Bright Pink Beauties!
Sometimes you fail, and it happens to everybody, don't let it get the best of you. Macarons are one of those things that I thought I would never get right... Two years and three attempts later, I finally have hope that maybe I can get it right. Yes, two years. Every time that I failed, it was a blow to my ego. I know that I said don't let it get the best of you, but it did steal a little from my motivation each time I failed. But then like everything, the feeling passed and I was ready to give it another go. I have to admit, I documented each journey of macaron failure with the thought that I would never get to share my progress.

I am extremely happy to say that I made such progress today with this batch of macarons that I just had to share the bad and ugly along with the good.

Attempt #1: Cracked shells, No feet, and Hollow

Attempt #2: No feet and Hollow (Yay, no cracks!)

Attempt #3: No cracks, with feet but Hollow (Yay, no cracks and WITH feet!!!)
1. Cracked, No feet and Hollow, 2. No feet and Hollow, 3. Hollow

Now, I must learn to battle the Hollows.


Overmixed during Macaronage
Based on my research and blog reading, it would appear that Attempt #1 was over mixed during the Macaronage stage. You can tell this by how flat they lie on the sheet pan. I found it confusing to know what recipes meant when they said "molten lava" consistency or until "ribbons" fall in the batter. Apparently I think molten lava is pretty runny, but it flowed in "ribbons"... so what is it suppose to be molten lava or ribbons?! I definitely learned that under mixing during macaronage is best. I found Kitchen Musing's description of Macaronage to be helpful and the pictures even more valuable.
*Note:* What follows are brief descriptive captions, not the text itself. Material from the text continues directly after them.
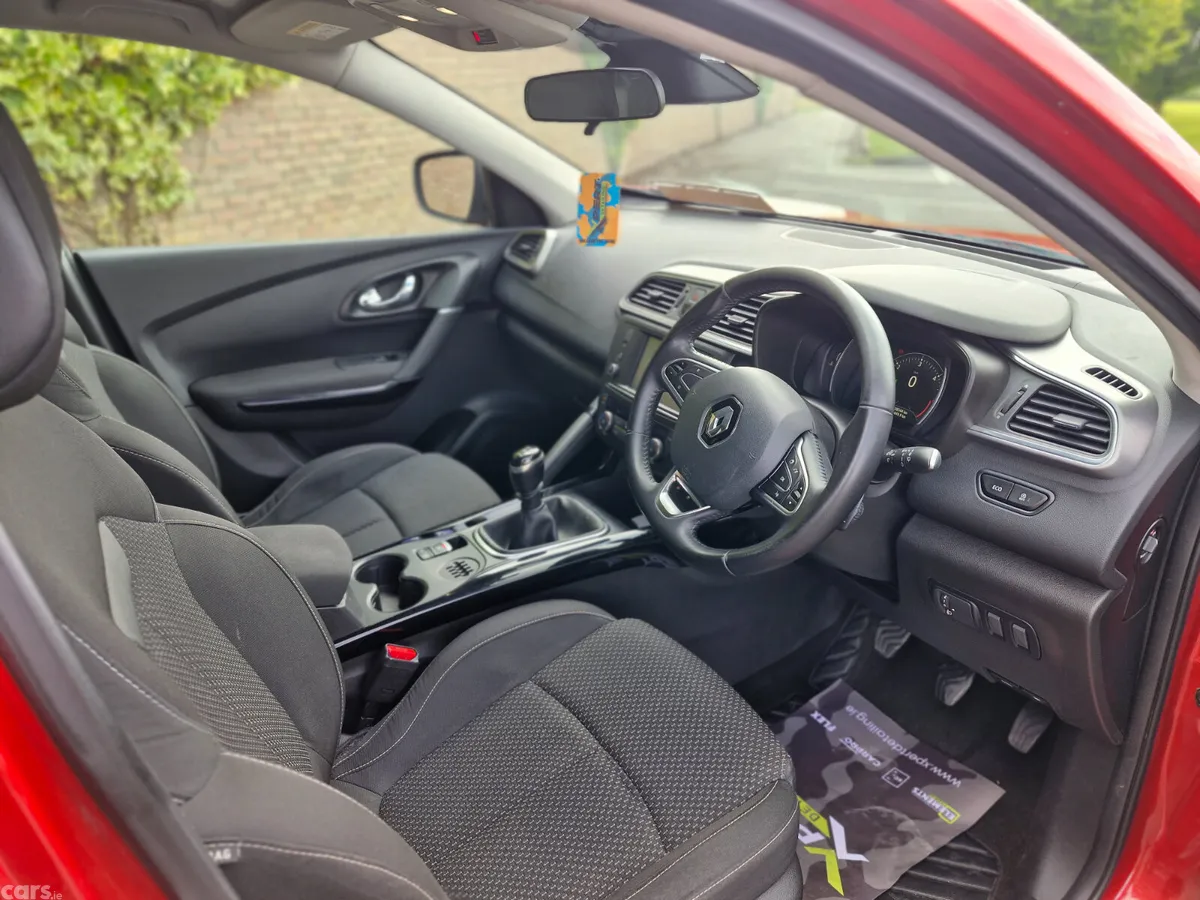 Renault Kadjar SUV, Diesel, 2016, Red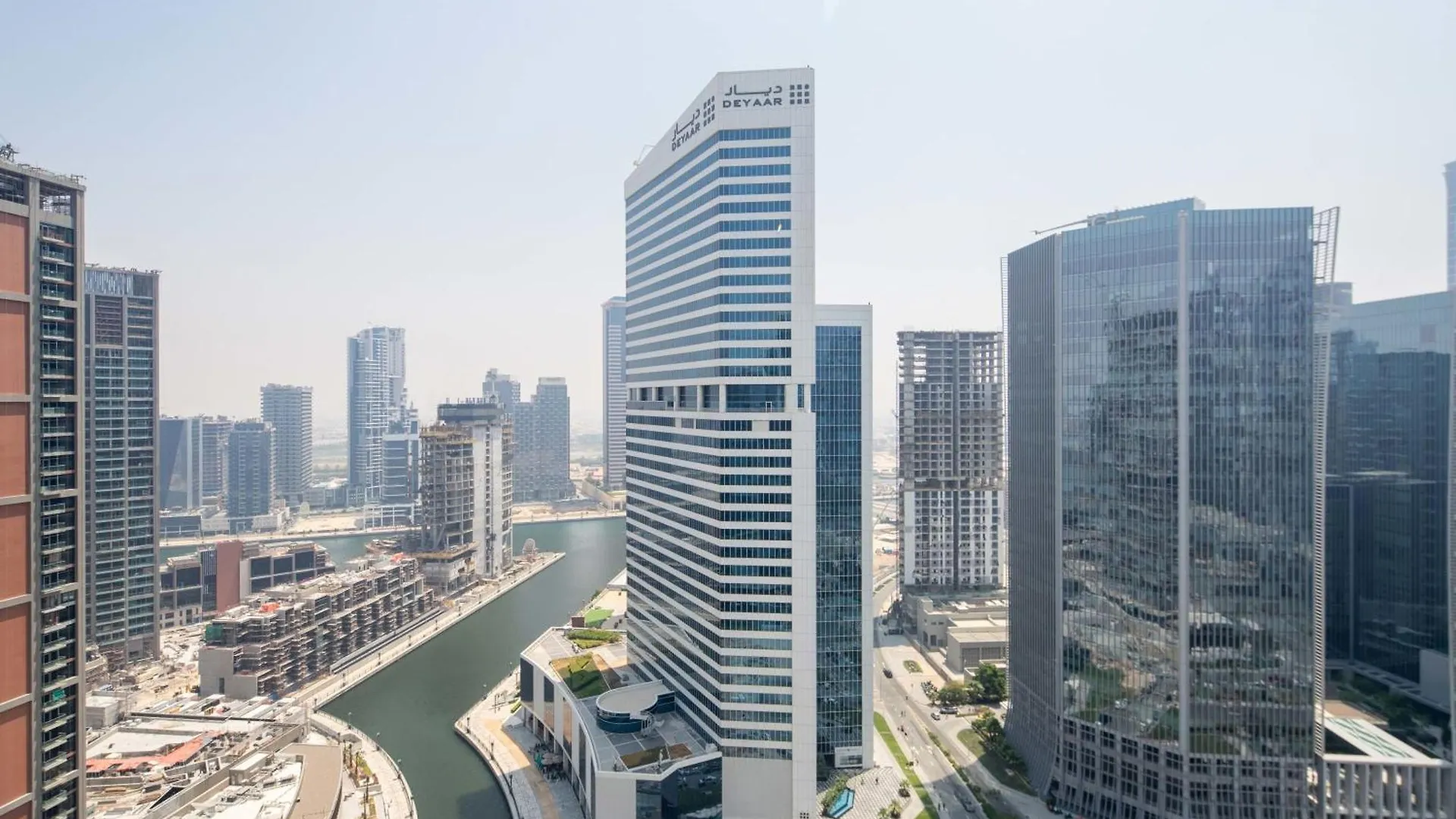 Frank Porter - Ahad Residences Dubai 0*,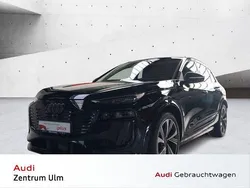 Mythosschwarz metallic Gebraucht 2024 Audi SQ6 e-tron Ambiente SUV | 82.360 € (Superpreis)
1. Almost there, just a few more folds, 2. Too late, over mixed


No feet and Hollow
Attempt #2 was not as clear to me what went wrong. However, based on Not so Humble Pie, it would seem that maybe I over beat the meringue and perhaps did not let them "form a skin" long enough before baking them. With my latest attempt, I was sure to let the shells rest for a full hour before preheating the oven. That seems to have solved the no feet problem. I also watched my meringue very carefully to avoid over beating them. You want to go for a firm peak, but not quite stiff peaks. This Visual guide over at The Kitchn can help you determine what's considered firm peaks.
Look for firm, glossy peaks, but not stiff peaks

So excited to finally have FEET on my macarons!
I believe that my latest Attempt #3 and the hollows is due to under baking. According to BraveTart, when shells are under baked, the inside has not fully setup and therefore it collapses as it cools and leaves behind a sad hollow shell. My shells were just barely hollow and should have baked a few more minutes. I should have know better when I tried to test the corner macaron and pull it from the parchment it was still sticking to the paper. But stubborn me thought it had to be done since it had baked a full 20 minutes at 295 degrees F. The cookies know best, not the timer. Always trust the cookie and what you see, not the clock. I should know better, shame on me.

Lessons Learned:
(1) Don't overmix during Macaronage,
(2) Don't over beat the meringue,
(3) Allow at least one full hour for the shells to rest before baking, and
(4) Allow shells to bake completely, don't rely on the timer.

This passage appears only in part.